═══ Extracted entries

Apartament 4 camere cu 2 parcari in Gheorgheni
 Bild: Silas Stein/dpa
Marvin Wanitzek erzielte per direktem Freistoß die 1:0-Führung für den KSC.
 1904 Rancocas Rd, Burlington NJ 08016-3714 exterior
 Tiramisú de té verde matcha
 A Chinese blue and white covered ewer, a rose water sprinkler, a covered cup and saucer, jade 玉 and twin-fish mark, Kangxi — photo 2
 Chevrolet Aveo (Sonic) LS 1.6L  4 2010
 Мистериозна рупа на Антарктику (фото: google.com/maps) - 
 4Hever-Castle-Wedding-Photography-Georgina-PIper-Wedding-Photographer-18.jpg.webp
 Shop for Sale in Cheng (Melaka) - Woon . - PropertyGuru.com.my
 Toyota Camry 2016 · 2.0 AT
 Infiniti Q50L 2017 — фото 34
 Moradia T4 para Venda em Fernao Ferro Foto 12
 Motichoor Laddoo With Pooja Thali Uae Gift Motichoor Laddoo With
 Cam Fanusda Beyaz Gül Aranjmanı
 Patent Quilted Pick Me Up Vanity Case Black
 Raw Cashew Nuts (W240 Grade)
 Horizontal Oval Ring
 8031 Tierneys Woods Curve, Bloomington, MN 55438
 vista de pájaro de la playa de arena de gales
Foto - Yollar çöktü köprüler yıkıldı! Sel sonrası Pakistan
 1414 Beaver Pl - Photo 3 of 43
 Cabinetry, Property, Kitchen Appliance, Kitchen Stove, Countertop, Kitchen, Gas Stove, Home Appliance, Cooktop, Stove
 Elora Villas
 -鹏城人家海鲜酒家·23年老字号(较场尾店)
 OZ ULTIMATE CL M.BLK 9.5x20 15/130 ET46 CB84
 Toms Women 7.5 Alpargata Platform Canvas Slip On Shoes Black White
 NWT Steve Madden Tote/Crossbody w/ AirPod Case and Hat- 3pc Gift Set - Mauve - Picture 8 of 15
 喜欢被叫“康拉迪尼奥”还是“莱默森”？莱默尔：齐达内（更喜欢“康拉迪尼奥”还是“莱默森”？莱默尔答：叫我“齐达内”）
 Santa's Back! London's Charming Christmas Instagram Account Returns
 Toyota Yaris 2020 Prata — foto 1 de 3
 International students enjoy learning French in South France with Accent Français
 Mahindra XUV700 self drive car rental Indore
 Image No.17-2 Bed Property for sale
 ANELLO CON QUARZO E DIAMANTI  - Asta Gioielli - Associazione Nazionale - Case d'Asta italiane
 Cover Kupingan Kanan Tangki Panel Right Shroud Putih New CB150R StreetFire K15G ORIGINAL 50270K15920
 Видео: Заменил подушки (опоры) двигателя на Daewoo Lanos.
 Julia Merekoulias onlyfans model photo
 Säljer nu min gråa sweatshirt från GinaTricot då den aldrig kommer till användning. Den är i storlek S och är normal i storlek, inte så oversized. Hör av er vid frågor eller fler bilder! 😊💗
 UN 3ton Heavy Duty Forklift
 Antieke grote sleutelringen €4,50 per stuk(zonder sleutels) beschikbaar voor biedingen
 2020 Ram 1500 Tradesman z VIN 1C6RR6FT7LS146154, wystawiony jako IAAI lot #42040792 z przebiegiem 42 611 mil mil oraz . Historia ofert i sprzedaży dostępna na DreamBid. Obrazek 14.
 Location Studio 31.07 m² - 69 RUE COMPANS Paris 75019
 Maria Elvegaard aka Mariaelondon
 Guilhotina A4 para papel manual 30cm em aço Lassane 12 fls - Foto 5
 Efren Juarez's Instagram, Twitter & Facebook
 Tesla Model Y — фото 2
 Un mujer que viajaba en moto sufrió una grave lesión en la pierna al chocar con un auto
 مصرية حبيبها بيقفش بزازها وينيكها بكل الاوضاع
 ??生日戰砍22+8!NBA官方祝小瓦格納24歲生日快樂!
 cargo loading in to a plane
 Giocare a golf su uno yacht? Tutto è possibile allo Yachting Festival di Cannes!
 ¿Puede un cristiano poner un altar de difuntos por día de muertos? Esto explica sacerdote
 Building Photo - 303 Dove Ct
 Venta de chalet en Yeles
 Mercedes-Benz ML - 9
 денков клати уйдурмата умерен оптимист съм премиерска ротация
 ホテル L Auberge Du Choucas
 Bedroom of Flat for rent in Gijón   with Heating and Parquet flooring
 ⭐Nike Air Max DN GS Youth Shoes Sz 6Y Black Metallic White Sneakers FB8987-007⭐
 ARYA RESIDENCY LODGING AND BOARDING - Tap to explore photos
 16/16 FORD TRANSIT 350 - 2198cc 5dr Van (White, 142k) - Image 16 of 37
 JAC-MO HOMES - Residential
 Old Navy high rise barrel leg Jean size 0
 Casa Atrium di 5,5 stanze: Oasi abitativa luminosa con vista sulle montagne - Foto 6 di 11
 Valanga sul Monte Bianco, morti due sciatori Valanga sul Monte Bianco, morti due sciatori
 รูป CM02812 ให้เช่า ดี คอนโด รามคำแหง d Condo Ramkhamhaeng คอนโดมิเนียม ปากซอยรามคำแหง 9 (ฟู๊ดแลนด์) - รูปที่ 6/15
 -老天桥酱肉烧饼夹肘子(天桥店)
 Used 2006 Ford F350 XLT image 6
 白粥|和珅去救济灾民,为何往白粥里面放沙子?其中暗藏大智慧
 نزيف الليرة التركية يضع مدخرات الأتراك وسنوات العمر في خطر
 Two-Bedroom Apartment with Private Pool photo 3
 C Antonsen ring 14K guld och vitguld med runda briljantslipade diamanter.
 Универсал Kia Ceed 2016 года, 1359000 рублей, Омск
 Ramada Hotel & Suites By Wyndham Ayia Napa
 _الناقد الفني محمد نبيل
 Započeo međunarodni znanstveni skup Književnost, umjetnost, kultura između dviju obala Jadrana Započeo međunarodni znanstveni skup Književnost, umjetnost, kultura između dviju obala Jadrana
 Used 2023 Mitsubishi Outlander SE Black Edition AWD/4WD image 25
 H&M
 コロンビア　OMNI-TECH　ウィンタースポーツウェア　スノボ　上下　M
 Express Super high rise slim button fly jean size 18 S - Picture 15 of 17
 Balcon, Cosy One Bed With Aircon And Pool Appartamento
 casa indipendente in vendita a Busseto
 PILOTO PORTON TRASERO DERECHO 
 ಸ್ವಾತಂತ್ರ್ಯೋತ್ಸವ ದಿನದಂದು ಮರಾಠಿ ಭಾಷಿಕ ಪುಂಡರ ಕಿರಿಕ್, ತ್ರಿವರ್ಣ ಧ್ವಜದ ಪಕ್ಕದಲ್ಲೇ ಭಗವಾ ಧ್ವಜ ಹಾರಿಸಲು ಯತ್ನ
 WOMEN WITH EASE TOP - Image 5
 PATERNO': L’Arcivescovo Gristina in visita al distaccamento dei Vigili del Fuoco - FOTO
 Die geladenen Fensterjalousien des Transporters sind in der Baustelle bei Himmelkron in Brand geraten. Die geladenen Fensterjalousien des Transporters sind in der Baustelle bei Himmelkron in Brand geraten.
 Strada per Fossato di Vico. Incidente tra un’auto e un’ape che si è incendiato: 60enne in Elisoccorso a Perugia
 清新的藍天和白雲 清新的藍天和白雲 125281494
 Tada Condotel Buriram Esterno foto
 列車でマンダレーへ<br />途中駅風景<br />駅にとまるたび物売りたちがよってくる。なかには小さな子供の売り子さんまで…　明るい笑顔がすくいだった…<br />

══════

*Problem to work on*
Start with the line above that contains "รูป CM02812 ให้เช่า" and stop after the line that contains "PATERNO': L’Arcivescovo Gristina". Output those lines exactly, and only those.

*Exercise output*
 รูป CM02812 ให้เช่า ดี คอนโด รามคำแหง d Condo Ramkhamhaeng คอนโดมิเนียม ปากซอยรามคำแหง 9 (ฟู๊ดแลนด์) - รูปที่ 6/15
 -老天桥酱肉烧饼夹肘子(天桥店)
 Used 2006 Ford F350 XLT image 6
 白粥|和珅去救济灾民,为何往白粥里面放沙子?其中暗藏大智慧
 نزيف الليرة التركية يضع مدخرات الأتراك وسنوات العمر في خطر
 Two-Bedroom Apartment with Private Pool photo 3
 C Antonsen ring 14K guld och vitguld med runda briljantslipade diamanter.
 Универсал Kia Ceed 2016 года, 1359000 рублей, Омск
 Ramada Hotel & Suites By Wyndham Ayia Napa
 _الناقد الفني محمد نبيل
 Započeo međunarodni znanstveni skup Književnost, umjetnost, kultura između dviju obala Jadrana Započeo međunarodni znanstveni skup Književnost, umjetnost, kultura između dviju obala Jadrana
 Used 2023 Mitsubishi Outlander SE Black Edition AWD/4WD image 25
 H&M
 コロンビア　OMNI-TECH　ウィンタースポーツウェア　スノボ　上下　M
 Express Super high rise slim button fly jean size 18 S - Picture 15 of 17
 Balcon, Cosy One Bed With Aircon And Pool Appartamento
 casa indipendente in vendita a Busseto
 PILOTO PORTON TRASERO DERECHO 
 ಸ್ವಾತಂತ್ರ್ಯೋತ್ಸವ ದಿನದಂದು ಮರಾಠಿ ಭಾಷಿಕ ಪುಂಡರ ಕಿರಿಕ್, ತ್ರಿವರ್ಣ ಧ್ವಜದ ಪಕ್ಕದಲ್ಲೇ ಭಗವಾ ಧ್ವಜ ಹಾರಿಸಲು ಯತ್ನ
 WOMEN WITH EASE TOP - Image 5
 PATERNO': L’Arcivescovo Gristina in visita al distaccamento dei Vigili del Fuoco - FOTO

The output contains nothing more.